Modern art found an audience in the developing bourgeoisie. The new art became the symbol of the new social order. As Impressionist and Post-Impressionist art displaced that of the academy in galleries and museums, Modernism gained momentum. Through the striking stylistic innovations of Modernism, artists developed a new market as they searched for the source of the aesthetic response. Within a few years, the reductive quest of avant-garde artists eliminated representative subject matter from their compositions completely, leaving only formal elements. For them, art became a formal language that developed in the process of painting.

As an explanation for the aesthetic response in Modern art, the Formal aesthetic developed early in the 20th century through the insights of Clive Bell. As he pondered the quality of experience shared by the windows of Chartres, a Persian bowl, Chinese carpets and a painting by Cezanne, he concluded the existence of 'significant form.' It was significant form that inspired the aesthetic response. Bell had substituted his concept of significant form for the concept of beauty in an aesthetic adaptation of Immanuel Kant's transcendental idealism.

The apprehension of significant form was based on sensitivities distinct from analytic reasoning. The viewer sought significant form through transcendent inquiry. For the Formalist, the painting created a matrix between the empirical and spiritual, and between the rational and symbolic. In an insight missing from much of the Formalist rhetoric that followed, Bell described the aesthetic response as the "expression of that emotion which is the vital force in every religion." (Bell, "Art," 1914) In the study of the perception of form, the Formalist aesthetic isolated the spiritual enigma in Modern art.

After World War II, the center of avant-garde activity shifted from Paris to New York. The increased drama and life-size scale of postwar Abstract Expressionism by American and expatriate European artists commanded a greater presence on the gallery wall than the relatively muted imagery of European Modernism. Just as with the art of the Impressionists, the intense presence of Abstract Expressionism was apprehended as an attribute of form.

The innovations of Abstract Expressionism, and of Jackson Pollock's Action paintings in particular, set the agenda for Modern art and aesthetic discourse for decades to come. Clement Greenberg, the influential critic and theorist of high Modern, adapted Bell's theory of significant form to explain the importance of Abstract Expressionism. Greenberg was quick to recognize that Pollock's innovative and provocative drip paintings were important to the avant-garde. But his narrow view glossed over the subjective nature of the aesthetic response and ignored the semiotic implications of the drip paintings as signifiers in the structural analysis of art.
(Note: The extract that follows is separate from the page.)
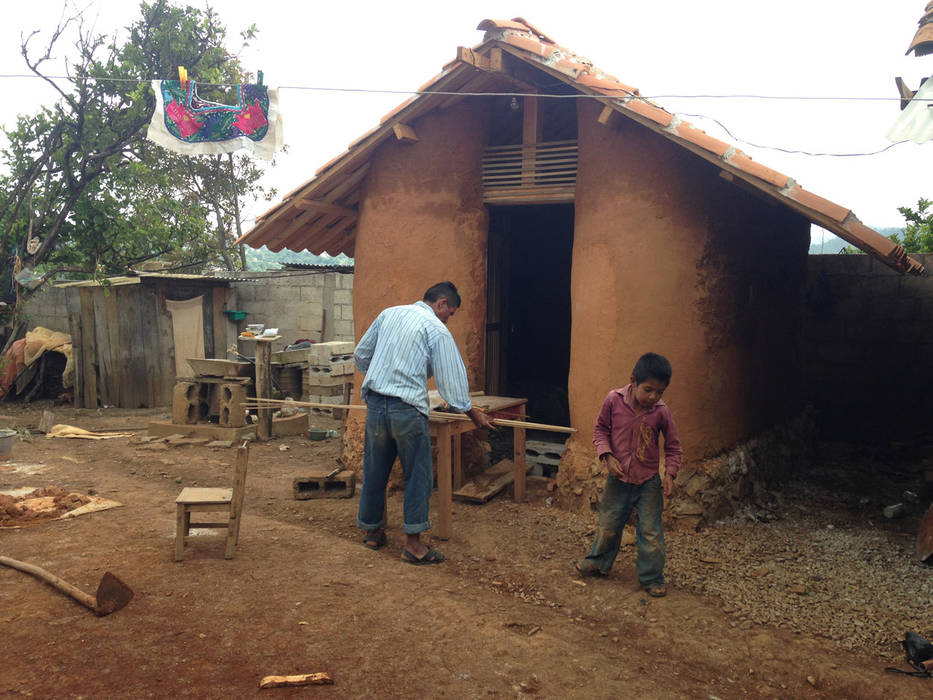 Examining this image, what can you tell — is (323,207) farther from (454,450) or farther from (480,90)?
(454,450)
Pollock's Action paintings mark a significant juncture in the development of both Formalism and postmodern Structuralism. With the drip paintings we enter into a contemporary view of art -- one that includes both gesture and process. The paintings demonstrate that process and semiotic structure, as well as aesthetic response and significant form, were subjects of aesthetic inquiry. Revolutionary in their simplicity, the Action paintings exposed new ground for art.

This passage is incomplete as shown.